A top-level piece of advice is to understand the intended behavior of a feature before trying to implement it. The best way to do that is usually to experiment with that feature in the normal shell that you are already using in your work. The specification intentionally leaves lots of room for a variety of implementation choices and requires that you learn/understand how several key system calls work and interact with each other. Once you have looked at some documentation, I am quite happy to field questions as you interpret it and think about how to put these system calls together to accomplish your goal. This understanding piece will be a major component of the “programming” that you do for this project.

Requirements

Once you report your team to me, I will create a shared GitHub repository for you to use.

What to Submit

Upon submission, your repository should contain at least these files:

• README.md: A text file, formatted using Markdown, that documents:
  • How to compile your shell.
  • How to use any other items included in the repository, such as tests or a Makefile.
  • What features your shell supports as well as how to use them, including examples.
  • A brief design guide explaining the major structural components of your shell code.
  • Any assumptions, non-standard behaviors, or known limitations of your shell.
• At least one .c file containing code for your shell. You are welcome to organized your code into as many C source (.c) and header (.h) files as you like.

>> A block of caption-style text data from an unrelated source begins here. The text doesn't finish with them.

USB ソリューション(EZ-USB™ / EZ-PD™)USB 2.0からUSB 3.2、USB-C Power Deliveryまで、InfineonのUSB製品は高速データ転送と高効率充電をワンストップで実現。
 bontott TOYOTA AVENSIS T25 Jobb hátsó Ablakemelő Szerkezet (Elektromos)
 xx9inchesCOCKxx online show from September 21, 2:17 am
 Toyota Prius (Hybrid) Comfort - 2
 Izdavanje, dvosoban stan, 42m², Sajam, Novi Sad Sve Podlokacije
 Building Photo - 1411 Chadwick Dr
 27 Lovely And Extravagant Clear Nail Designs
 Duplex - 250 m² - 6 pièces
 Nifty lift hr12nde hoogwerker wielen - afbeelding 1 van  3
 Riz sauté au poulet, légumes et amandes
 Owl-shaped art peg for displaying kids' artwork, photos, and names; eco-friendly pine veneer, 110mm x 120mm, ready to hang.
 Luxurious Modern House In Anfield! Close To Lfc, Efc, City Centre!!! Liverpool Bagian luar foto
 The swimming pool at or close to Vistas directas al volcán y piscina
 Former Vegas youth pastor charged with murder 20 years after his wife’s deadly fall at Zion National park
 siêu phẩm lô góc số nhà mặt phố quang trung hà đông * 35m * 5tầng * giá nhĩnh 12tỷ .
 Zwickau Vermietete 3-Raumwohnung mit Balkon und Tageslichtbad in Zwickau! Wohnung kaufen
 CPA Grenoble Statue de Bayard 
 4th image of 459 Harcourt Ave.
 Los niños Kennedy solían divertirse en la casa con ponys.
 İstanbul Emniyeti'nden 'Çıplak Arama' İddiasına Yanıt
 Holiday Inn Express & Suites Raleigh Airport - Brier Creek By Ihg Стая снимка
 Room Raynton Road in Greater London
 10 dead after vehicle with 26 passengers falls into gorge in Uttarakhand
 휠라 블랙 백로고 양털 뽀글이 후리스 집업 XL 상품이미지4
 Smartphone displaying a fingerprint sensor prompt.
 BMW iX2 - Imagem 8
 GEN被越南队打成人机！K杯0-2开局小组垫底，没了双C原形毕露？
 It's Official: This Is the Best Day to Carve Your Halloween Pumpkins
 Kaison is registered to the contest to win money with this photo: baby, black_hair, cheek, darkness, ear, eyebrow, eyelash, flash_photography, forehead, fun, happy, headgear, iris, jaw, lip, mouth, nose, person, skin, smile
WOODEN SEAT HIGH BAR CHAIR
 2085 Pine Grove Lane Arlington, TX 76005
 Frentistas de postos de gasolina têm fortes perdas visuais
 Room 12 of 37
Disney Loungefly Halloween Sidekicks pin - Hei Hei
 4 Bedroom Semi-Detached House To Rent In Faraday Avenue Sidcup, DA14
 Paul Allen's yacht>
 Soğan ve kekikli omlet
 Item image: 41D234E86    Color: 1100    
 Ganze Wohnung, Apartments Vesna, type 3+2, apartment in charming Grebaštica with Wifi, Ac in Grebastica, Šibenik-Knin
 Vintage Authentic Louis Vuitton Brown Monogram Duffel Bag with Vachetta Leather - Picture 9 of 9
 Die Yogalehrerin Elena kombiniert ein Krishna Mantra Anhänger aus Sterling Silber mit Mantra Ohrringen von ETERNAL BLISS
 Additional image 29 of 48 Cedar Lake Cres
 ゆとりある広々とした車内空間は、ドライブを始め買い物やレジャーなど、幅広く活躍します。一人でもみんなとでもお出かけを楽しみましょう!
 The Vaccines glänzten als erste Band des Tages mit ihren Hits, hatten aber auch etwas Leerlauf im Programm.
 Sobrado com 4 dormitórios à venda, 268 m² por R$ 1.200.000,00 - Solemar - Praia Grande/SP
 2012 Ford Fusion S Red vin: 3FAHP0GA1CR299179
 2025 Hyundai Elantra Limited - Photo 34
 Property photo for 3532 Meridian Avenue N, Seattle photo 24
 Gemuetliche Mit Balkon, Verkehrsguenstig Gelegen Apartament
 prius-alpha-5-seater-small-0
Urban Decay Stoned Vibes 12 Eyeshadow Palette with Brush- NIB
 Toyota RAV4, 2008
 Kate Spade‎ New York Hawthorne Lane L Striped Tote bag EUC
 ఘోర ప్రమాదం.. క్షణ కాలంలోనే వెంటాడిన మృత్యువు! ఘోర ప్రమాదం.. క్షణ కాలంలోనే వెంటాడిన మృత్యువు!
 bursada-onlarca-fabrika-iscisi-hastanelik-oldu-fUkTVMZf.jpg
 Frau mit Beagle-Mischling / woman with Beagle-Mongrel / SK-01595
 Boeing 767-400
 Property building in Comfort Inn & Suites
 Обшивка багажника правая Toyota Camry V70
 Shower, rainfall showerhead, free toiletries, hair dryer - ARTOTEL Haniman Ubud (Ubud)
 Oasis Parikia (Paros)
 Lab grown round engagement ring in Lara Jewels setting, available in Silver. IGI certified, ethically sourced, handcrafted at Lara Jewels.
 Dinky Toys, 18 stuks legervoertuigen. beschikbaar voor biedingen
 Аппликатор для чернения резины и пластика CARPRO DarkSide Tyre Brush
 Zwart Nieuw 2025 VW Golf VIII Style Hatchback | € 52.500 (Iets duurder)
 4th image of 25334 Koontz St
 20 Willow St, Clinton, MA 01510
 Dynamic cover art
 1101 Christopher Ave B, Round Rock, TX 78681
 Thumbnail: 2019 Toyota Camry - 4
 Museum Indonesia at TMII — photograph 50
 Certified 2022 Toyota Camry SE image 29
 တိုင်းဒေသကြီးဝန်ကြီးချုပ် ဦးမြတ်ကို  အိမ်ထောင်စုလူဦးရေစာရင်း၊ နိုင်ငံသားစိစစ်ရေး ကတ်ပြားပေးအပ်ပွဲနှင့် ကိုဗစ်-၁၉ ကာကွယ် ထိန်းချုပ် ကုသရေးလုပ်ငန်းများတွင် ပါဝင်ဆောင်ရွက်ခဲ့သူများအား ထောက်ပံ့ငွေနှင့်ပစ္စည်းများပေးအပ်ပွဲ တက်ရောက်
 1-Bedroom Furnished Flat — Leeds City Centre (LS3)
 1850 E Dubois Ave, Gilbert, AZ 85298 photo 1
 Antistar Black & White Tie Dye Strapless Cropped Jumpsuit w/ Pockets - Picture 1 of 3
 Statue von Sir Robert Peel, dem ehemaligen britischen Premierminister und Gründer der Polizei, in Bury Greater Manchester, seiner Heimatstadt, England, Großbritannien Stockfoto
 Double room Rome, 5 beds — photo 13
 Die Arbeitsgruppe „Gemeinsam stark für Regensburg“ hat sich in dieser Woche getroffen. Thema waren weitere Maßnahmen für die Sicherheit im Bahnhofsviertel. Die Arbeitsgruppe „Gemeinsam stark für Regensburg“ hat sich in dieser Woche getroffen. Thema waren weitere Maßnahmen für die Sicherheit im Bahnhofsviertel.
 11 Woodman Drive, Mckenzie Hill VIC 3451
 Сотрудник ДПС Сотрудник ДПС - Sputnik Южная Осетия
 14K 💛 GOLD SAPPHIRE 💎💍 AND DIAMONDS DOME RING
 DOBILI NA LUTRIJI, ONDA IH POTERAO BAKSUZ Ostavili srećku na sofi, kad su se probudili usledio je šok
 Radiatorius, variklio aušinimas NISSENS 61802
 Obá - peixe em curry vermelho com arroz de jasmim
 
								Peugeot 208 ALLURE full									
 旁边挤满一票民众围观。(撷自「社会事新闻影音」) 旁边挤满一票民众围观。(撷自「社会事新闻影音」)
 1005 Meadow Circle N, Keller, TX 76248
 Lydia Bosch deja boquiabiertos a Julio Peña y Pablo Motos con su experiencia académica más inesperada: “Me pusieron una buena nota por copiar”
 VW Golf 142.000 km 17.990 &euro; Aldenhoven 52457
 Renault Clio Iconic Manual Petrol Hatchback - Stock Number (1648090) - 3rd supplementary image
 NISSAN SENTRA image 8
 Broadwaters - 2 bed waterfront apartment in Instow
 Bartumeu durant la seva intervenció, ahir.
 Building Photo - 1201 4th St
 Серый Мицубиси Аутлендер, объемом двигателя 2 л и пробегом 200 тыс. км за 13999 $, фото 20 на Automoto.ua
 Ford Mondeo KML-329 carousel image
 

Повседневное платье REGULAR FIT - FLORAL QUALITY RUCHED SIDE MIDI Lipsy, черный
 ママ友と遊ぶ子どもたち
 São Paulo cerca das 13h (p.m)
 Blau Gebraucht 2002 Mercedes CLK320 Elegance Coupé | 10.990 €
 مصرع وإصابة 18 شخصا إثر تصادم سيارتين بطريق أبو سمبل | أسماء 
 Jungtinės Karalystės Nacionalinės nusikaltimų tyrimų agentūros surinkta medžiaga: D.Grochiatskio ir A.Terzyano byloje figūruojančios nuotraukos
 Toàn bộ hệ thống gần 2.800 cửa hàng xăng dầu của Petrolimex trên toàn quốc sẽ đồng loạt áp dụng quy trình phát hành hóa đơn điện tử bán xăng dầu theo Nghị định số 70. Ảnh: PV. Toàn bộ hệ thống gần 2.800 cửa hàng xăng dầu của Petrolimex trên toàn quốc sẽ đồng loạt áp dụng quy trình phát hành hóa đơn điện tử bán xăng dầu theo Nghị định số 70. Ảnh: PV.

Additionally, it is recommended, but not required, that you include:

• Makefile: Basic rules for compiling/cleaning your shell executable with make.
• Some tests. You may wish to copy the text infrastructure from the Syscalls assignment and replace the test specifications with a series of your own tests for the shell. Using shell scripts is also a useful way to save and test a sequence of commands.

What to Implement

Your shell program should support:

• The ability run in “interactive mode,” where the user types individual commands at a command prompt, or “script mode,” where your shell is invoked with a file containing a sequence of commands separated by newlines.
• A few standard builtin commands, including at least cd and exit.
• The ability to run simple single foreground executable commands by invoking executables outside the shell with command-line arguments (e.g., /bin/ls cs341/shell).
• Support for input and output redirection and all kinds of executable commands. (Note, builtin commands should not support redirection.)
• Support for pipes of executable commands. (Note, builtin commands should not support pipes.)

Suggestions

It is recommended that your shell support a “verbose mode” available either by changing a single static const variable (a constant) or macro in the source code or by passing a -v argument when invoking the shell. In verbose mode, the shell will print additional metadata as described below.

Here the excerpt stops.